* _Work required_
Go through the data line by line and count the lines that hold "Scandinavian". Reply with the total only.

* _Records supplied_
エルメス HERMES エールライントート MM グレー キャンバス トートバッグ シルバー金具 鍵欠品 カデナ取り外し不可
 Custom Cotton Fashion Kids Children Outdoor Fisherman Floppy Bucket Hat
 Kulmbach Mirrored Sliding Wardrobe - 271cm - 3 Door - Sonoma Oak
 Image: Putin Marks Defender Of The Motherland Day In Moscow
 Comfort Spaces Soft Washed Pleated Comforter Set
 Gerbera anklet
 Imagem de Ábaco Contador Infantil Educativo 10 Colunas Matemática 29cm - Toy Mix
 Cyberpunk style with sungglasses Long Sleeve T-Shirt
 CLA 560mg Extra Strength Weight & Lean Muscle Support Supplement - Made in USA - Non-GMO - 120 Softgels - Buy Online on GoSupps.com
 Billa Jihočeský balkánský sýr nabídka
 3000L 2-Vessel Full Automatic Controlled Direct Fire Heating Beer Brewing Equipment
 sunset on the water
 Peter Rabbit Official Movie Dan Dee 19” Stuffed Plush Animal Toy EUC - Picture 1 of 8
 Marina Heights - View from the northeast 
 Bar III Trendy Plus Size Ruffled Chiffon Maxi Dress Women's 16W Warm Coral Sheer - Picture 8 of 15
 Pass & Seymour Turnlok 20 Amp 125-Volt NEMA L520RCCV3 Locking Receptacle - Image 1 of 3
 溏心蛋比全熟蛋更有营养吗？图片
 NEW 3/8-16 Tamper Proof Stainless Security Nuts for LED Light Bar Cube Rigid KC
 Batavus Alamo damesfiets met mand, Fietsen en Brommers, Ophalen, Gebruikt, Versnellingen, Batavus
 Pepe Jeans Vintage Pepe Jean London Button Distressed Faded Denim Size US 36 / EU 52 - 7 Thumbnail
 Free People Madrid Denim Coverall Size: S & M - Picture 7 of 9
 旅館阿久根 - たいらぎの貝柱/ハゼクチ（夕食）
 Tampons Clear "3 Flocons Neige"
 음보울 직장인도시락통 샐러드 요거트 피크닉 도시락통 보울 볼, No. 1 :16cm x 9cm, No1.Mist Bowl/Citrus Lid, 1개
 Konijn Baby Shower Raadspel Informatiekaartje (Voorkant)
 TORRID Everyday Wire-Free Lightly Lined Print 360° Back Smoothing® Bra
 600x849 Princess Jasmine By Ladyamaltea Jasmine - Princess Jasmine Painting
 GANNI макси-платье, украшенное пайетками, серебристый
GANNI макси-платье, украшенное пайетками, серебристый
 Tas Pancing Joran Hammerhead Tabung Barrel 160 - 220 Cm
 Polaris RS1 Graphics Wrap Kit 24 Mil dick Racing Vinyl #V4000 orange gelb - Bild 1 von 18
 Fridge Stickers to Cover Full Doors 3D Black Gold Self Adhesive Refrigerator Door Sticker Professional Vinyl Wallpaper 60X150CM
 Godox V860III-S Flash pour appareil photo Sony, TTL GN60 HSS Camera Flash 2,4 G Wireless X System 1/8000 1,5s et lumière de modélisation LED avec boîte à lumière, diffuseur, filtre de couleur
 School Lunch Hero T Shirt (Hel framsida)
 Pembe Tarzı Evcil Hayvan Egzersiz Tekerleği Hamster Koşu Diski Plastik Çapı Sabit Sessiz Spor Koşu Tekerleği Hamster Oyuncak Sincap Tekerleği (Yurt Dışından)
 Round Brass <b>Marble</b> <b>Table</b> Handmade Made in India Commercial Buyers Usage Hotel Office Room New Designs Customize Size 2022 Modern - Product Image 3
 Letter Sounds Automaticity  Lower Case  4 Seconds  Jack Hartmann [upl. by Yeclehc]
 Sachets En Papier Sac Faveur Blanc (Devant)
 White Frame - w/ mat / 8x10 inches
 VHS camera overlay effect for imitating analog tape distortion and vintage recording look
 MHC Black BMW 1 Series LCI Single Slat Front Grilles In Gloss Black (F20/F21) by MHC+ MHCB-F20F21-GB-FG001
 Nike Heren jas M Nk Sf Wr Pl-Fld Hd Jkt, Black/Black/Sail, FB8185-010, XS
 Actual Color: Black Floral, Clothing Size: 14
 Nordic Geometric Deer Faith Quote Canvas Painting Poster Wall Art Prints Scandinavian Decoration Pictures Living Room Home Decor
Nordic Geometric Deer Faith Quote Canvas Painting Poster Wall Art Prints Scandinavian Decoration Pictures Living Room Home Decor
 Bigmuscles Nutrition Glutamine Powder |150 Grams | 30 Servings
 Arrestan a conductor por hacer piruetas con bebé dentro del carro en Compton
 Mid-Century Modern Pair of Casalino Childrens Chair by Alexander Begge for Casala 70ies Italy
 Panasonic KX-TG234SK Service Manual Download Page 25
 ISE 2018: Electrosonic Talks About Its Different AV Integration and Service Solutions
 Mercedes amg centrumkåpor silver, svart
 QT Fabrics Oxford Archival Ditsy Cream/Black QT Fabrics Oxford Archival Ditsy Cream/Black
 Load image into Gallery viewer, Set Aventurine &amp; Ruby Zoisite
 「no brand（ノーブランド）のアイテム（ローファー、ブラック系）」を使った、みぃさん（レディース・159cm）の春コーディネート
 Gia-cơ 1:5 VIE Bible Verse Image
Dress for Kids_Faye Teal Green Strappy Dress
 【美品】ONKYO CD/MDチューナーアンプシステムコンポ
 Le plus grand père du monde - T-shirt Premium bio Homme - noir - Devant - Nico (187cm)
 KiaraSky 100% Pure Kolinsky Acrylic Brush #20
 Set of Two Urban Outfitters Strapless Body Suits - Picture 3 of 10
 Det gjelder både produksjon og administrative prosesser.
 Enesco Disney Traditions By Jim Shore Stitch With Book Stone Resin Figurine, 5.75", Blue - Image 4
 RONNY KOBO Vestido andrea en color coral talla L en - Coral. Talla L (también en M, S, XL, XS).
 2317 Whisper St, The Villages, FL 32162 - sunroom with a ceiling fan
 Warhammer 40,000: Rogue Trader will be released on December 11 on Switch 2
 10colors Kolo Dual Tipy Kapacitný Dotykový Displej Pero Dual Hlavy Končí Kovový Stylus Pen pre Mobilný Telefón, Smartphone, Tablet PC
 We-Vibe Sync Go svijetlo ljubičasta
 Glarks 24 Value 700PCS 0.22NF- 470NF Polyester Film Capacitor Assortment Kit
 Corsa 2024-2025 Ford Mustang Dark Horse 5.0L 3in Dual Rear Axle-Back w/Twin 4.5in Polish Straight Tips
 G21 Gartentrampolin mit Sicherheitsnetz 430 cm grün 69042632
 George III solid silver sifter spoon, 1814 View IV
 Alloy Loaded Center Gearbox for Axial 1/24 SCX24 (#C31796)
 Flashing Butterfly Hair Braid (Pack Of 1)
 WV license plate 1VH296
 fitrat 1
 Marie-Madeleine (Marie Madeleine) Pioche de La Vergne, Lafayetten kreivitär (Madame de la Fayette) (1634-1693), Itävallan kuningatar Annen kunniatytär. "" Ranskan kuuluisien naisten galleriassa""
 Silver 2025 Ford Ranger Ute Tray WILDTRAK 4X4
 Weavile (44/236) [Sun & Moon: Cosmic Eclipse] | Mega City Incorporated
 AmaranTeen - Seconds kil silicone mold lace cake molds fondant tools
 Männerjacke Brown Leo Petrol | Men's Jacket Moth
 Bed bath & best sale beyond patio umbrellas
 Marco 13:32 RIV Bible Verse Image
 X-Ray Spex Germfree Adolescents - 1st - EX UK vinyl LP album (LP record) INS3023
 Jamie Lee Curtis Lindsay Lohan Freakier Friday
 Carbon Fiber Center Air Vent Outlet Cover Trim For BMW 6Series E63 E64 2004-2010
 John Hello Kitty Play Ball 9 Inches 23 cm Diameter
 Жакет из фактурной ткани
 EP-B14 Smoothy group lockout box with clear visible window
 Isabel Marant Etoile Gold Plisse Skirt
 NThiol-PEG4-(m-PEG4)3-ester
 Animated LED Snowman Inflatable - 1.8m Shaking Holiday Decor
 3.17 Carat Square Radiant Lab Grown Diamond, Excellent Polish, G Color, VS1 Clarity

* _Solution for this exercise_
2